I was warned to be shocked when I arrived in America - but in truth, at times I was horrified by what I saw. My experience of the USA to date has been filtered entirely through the big screen, with the bright lights, shiny filters and clever camera angles. This was not exactly the America I encountered as I made my solo trek.
Whilst I fell ridiculously head-over-heels in love with this amazingly welcoming country - and even more, with it's amazingly welcoming people - the vast divide between the rich and the poor is nothing short of staggering to the new and objective eye; the normalisation of the depravity certain members of society are forced to live amongst left me breathless at times.
The sheer magnitude of homelessness in the USA is incredible when compared to the UK - and being honest, it's very hard to stomach, even for those classed as 'experienced professionals' such as myself. When people refer to California as 'Mecca for America's Homeless' they really aren't joking. The words 'This is homelessness on steroids' left my mouth on more than a few occasions.

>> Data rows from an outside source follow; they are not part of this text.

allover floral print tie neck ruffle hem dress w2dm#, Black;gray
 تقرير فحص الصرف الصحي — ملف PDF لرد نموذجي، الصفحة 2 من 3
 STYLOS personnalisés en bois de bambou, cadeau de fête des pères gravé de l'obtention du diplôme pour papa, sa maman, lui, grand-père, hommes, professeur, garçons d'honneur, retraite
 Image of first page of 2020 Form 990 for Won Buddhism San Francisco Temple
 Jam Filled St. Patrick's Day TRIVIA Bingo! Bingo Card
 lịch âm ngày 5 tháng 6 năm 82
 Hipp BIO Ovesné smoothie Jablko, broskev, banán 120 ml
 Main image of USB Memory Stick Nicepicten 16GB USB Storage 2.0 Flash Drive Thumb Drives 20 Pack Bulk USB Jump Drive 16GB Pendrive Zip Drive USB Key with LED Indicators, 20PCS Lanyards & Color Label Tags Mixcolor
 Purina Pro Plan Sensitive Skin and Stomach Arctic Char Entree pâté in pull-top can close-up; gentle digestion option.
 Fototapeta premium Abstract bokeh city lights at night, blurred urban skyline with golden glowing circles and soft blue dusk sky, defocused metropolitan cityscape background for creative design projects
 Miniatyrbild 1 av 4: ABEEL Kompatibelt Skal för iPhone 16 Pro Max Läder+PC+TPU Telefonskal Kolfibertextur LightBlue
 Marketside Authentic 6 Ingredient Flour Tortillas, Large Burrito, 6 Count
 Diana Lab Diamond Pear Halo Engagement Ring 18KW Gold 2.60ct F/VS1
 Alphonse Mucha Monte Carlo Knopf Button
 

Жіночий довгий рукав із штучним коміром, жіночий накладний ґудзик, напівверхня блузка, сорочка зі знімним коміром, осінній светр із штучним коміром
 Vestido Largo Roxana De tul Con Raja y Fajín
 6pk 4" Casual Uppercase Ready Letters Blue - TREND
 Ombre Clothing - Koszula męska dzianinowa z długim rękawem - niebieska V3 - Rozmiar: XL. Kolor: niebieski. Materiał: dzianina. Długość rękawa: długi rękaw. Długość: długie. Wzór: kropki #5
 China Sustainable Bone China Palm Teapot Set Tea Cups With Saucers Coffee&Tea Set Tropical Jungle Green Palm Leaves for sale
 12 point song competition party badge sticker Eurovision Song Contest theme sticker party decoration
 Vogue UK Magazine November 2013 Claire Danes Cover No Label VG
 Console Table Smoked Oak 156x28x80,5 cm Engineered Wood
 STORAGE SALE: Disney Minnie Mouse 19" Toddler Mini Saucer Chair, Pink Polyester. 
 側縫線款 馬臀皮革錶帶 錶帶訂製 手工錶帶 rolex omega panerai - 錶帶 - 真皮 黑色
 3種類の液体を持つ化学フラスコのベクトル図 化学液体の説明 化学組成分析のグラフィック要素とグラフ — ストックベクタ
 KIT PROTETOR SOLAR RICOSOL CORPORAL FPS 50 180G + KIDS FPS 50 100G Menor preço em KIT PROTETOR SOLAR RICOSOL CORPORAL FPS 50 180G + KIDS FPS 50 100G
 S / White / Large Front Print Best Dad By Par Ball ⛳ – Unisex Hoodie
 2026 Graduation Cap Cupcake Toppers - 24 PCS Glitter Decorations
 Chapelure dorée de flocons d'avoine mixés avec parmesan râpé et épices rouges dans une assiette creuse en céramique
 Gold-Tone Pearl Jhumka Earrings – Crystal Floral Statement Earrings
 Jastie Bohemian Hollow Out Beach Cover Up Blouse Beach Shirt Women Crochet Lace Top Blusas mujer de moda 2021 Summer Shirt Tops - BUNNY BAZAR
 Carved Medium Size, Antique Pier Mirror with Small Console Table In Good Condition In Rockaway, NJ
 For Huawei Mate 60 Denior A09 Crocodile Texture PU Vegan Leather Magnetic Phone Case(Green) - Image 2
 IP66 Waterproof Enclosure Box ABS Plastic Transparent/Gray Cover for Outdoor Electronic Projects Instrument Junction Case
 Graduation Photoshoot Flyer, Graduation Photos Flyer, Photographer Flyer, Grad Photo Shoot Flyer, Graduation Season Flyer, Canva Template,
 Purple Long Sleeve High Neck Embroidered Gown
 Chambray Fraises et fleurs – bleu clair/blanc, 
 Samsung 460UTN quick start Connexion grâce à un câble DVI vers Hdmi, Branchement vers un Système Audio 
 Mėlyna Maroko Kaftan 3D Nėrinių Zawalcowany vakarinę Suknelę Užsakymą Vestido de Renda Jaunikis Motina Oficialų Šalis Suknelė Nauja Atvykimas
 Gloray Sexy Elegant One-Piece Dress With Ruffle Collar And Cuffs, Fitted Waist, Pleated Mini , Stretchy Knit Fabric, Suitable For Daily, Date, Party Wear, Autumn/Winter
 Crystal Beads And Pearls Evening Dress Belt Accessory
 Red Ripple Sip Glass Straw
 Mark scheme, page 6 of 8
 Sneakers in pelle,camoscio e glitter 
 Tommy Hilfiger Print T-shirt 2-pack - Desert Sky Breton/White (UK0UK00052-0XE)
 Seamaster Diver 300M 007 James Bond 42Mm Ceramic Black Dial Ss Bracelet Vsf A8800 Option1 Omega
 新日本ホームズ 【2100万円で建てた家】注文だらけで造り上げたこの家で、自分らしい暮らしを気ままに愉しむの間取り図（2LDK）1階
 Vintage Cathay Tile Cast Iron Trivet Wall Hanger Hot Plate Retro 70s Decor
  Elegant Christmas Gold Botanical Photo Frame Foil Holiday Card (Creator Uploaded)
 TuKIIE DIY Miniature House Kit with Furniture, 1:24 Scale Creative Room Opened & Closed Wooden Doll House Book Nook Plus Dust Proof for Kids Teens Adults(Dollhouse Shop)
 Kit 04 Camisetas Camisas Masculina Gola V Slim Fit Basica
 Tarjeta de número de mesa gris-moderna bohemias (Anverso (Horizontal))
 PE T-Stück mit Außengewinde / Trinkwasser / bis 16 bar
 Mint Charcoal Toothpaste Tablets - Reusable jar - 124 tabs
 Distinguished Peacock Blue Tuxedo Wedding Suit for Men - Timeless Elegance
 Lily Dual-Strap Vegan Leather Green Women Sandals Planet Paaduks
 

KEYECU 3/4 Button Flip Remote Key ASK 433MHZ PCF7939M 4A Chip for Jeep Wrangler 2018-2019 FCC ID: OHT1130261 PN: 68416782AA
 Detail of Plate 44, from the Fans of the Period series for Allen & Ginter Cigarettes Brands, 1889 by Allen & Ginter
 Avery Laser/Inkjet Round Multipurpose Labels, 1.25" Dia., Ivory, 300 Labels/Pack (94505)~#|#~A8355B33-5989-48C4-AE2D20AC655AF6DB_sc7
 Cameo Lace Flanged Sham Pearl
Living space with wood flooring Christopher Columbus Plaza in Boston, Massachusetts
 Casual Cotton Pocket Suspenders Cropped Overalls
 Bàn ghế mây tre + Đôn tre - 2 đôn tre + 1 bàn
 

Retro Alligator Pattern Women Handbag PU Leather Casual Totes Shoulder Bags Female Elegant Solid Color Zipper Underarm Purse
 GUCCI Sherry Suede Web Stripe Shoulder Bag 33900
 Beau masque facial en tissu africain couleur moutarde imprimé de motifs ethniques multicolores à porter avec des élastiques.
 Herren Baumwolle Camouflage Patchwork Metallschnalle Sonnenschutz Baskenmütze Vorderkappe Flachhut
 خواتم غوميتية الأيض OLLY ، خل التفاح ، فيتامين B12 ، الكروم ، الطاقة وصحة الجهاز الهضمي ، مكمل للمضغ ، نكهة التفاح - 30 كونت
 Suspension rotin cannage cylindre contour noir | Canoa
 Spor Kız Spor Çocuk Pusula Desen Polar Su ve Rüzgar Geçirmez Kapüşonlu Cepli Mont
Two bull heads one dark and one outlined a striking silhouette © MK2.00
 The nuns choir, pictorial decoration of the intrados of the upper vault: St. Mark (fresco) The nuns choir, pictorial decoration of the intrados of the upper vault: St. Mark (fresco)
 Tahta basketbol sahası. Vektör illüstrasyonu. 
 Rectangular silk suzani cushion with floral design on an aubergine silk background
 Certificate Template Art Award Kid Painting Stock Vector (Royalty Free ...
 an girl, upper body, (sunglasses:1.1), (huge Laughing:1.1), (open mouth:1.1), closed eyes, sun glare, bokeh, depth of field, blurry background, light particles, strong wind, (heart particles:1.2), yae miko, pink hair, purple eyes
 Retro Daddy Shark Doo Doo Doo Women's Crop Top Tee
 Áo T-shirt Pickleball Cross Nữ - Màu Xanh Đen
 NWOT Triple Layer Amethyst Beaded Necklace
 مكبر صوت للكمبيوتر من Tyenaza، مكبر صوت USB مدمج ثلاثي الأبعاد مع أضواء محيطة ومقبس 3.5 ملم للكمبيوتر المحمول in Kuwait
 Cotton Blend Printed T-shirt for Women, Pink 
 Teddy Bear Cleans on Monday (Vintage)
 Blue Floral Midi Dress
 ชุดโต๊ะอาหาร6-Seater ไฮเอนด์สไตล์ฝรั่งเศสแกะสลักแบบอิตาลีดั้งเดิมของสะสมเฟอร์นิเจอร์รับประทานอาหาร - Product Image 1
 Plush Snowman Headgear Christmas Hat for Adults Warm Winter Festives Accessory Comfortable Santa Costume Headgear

By the time I arrived in New York, I admit I felt emotionally void and a little broken. There were a lot of tears as I digested the previous three weeks and the desperate, helpless situations I had been exposed to. Skyping home became my saviour; alone in the big city, I felt a deep ache in my heart when it dawned on me that many of the people I had encountered ultimately wouldn't find - or even seek - adequate help.
At the forefront of my mind, I tried to keep my focus that I had set off on a quest to find innovation - as well as hope for the future. As I journeyed from West to East, at times I was like a kid at Christmas, finding darers, dreamers and doers in an abundance at every stop.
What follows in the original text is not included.